Foreseeable benefits
Of course I can’t oversee all consequences of a better
understanding of the functioning of the human (animal) brain.
But some benefits can be foreseen.
Leadership
Judged by the almost endless stream of books, journals and congresses on management I have monitored the last 40 years, no satisfactory answer has been found to the questions:
- “Can I lead people?” - put by individuals, and
- “Will that person be able to lead people?” - put by organisations.
Psychiatry
One does not need to have an education in diagnosing and curing mental diseases to know that somebody’s feeling of having no objective in life can be an important aspect of the mental health of that person.
Brain research
Somebody’s observations on that what occurs in his own head can be “objective” or “subjective”.
- “Objective”
-
sticking to the facts; not influenced by own feelings or prejudices;
not “subjective”. - “Subjective”
-
belonging to one individual subject; relating to, departing from,
belonging to the contemplating “I” only.
Relentless striving for objectivity, while:
- building a theory
- scrutinizing that theory, and
- testing that what that theory predicts via measurements......
was the key to the spectacular achievements of physicists during the last centuries.
In an almost pathological urge to reap similar achievements, neuroscientists:
- banned the idea that somebody’s observations on that what occurs in his own head can be objective, and
- adopted the idea that objective information on that what happens in the head of a person can only be achieved via measurements..... with “machines”.
Somebody’s observations on that what happens in his own head can be objective however.
Seeing these facts, it is most likely that:
- very many observations on the functioning of the human brain have been made over the course of the last decades, and
- that the results of these observations have not reached (or been acknowledged by) the community of neuroscientists.
This might explain why no theory seems to exist about what happens in the brain of a human being.
Artificial Intelligence
Garry Kasparov writes in his book “Deep Thinking: Where Machine Intelligence Ends and Human Creativity Begins” (p. 75):
The basic suppositions behind Alan Turing’s dreams of artificial intelligence were that the human brain is itself a kind of computer and that the goal was to create a machine that successfully imitates human behaviour.
This concept has been dominant for generations of computer scientists.
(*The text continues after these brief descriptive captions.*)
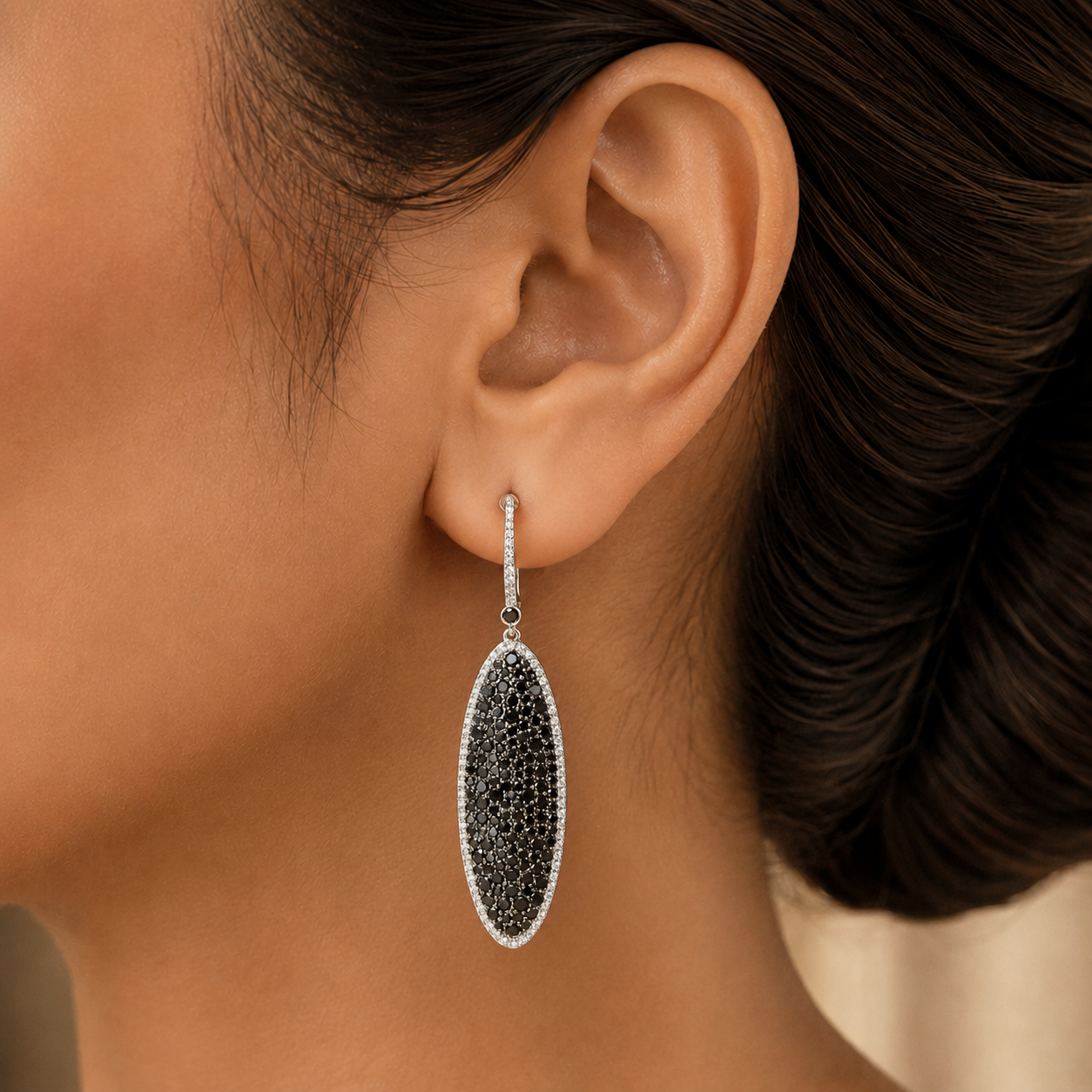 Cocktail Diamond Earrings with Black Diamonds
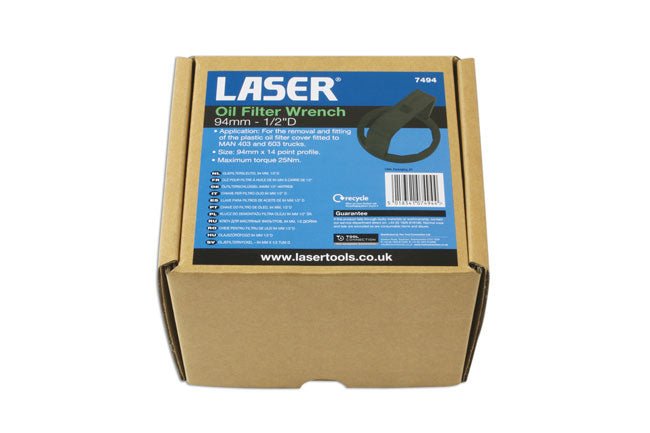 Laser Tools 7494 Oil Filter Wrench 94mm x 14 Flutes Laser Tools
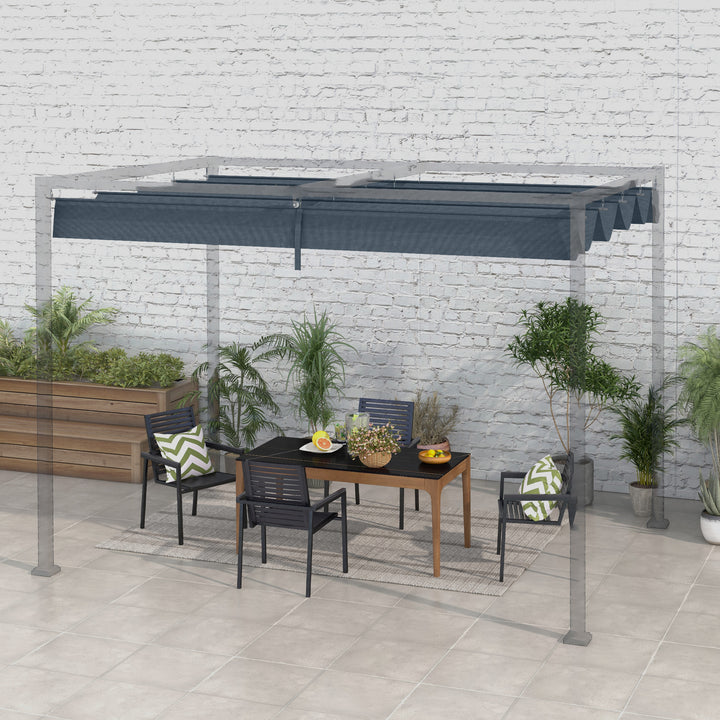 Udskiftningstag til havepavillon 2,85 x 2 m, udtrækkeligt, nem montering, polyester, mørkegrå
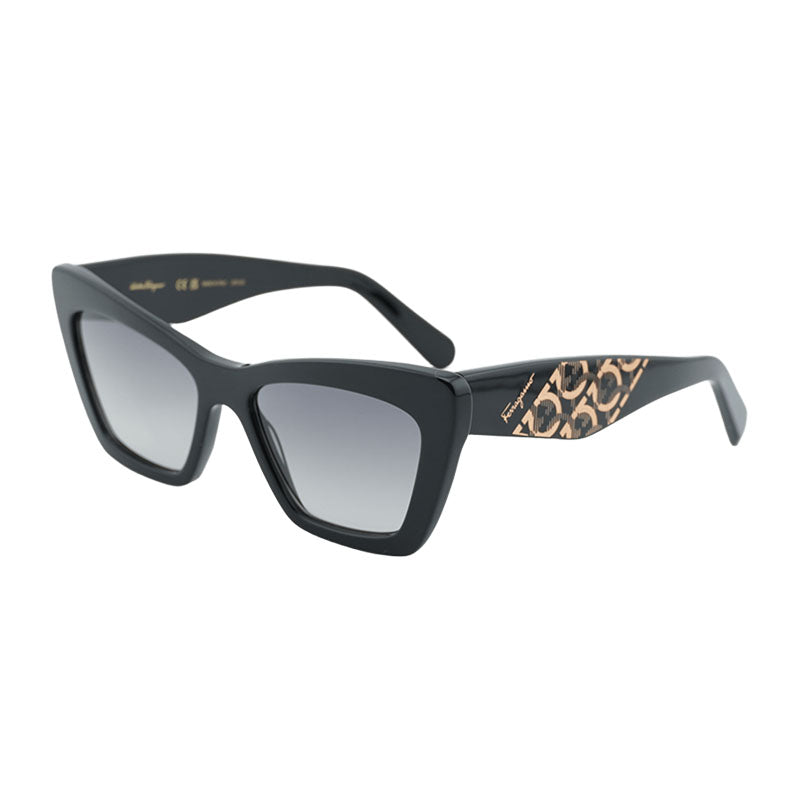Ferragamo Salvatore Ferragamo Sunglasses Cat Eye Full Rim, Shiny Black Frame and Grey Gradient Lens SF1081S001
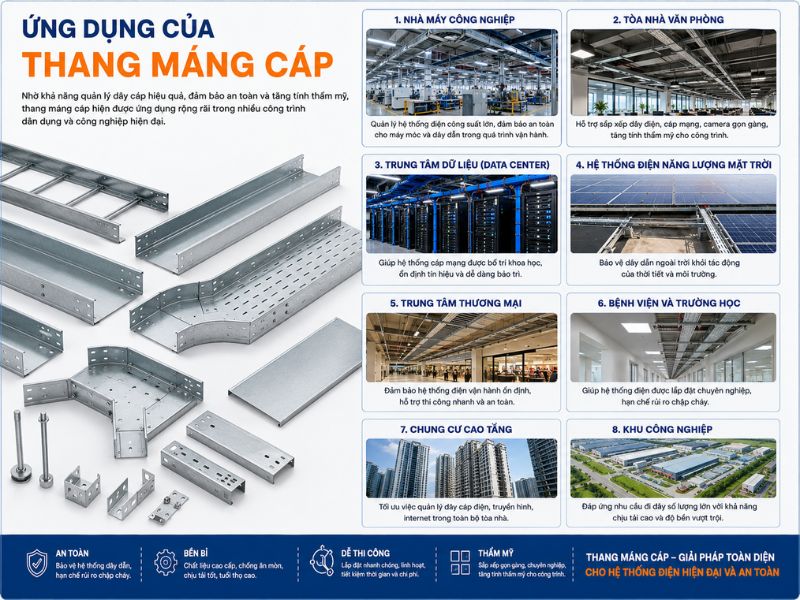Ứng dụng khi sử dụng thang máng cáp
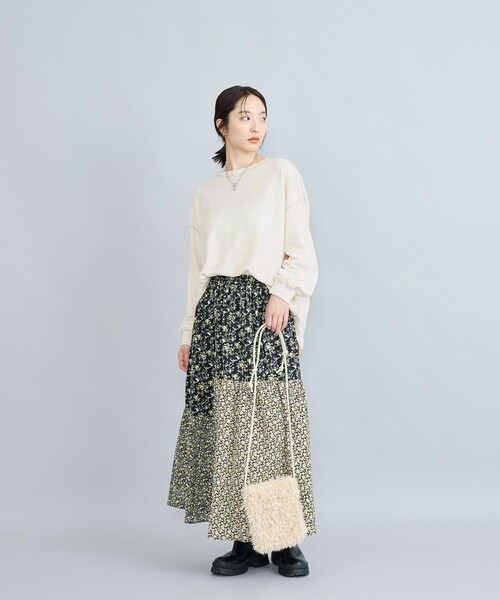 coen(コーエン)の「カワリ天竺ロングスリーブTシャツ(Tシャツ/カットソー・レディース・ダークグレー/ネイビー/オフホワイト/ライトブルー・M/L)」の17枚目の写真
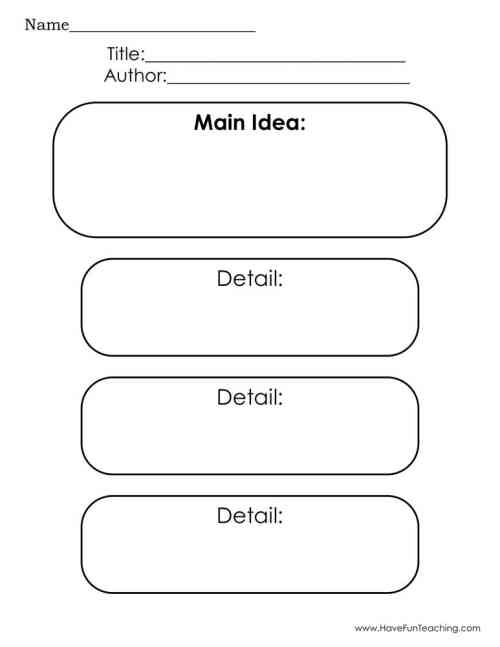 Main Idea and Three Details Graphic Organizer Worksheet by ...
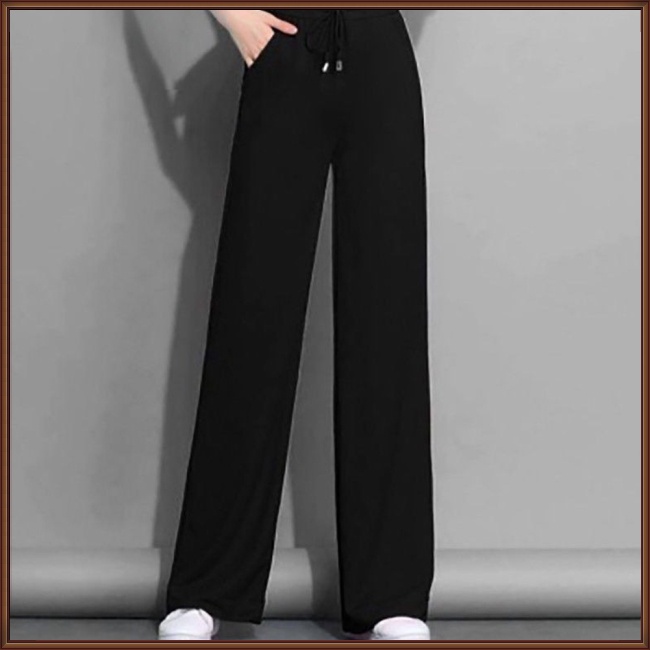 Quần ống rộng Lưng Cao Màu Trơn Đơn Giản Thời Trang Cho Nữ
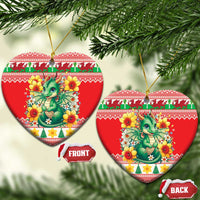 Wales Christmas Ceramic Ornament Cute Green Welsh Dragon and Daffodils - Wonder Print Shop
It’s a tempting analogy – neurons as switches, cortexes as memory banks, etc. But there is a shortage of biological evidence for this parallel beyond the metaphorical and it is a distraction from what makes human thinking different from machine thinking.
The terms which I (Garry Kasparov) prefer to highlight these differences, are: “understanding” and “purpose”.
Andrew McAfee and Erik Brynjolfsson:
Computers and robots can - despite their intelligence - understand little of the human condition, of the unique human perception of the world.
My (Hans Damen) description of
- the Phenomenon Objective and
- of the role the Phenomenon Objective plays in the functioning of the human (animal) brain
describes the essence of the mental part of the human condition.
An answer to the question “What is understanding ?” might be derived from my answer to the question “What is language?”